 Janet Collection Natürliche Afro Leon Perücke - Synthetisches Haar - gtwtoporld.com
==
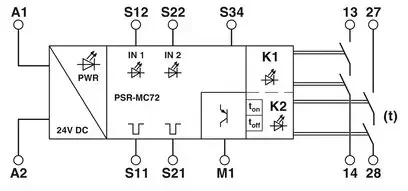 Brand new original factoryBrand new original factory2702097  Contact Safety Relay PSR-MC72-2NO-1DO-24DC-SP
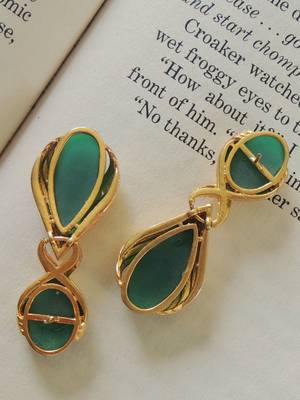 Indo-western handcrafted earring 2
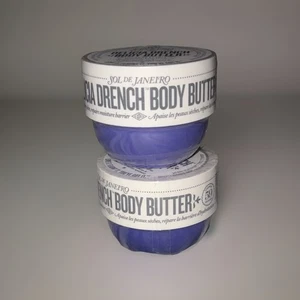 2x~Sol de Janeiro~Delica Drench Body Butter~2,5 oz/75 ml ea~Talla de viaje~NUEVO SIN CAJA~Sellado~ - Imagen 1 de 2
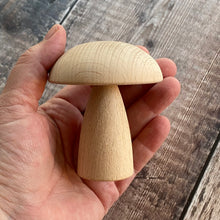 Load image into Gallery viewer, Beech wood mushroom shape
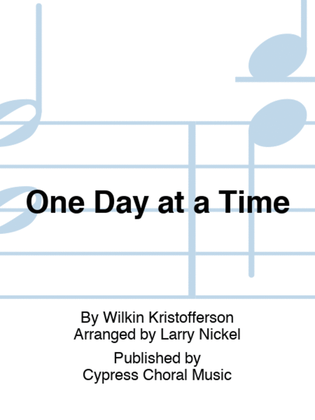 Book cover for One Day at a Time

**TASK INSTRUCTIONS**
From the records above, extract the lines from the one holding "Brand new original factoryBrand" through the one holding "Book cover for One Day at a Time", word for word; omit the pictures.

**ANSWER BELOW**
 Brand new original factoryBrand new original factory2702097  Contact Safety Relay PSR-MC72-2NO-1DO-24DC-SP
 Indo-western handcrafted earring 2
 2x~Sol de Janeiro~Delica Drench Body Butter~2,5 oz/75 ml ea~Talla de viaje~NUEVO SIN CAJA~Sellado~ - Imagen 1 de 2
 Load image into Gallery viewer, Beech wood mushroom shape
 Book cover for One Day at a Time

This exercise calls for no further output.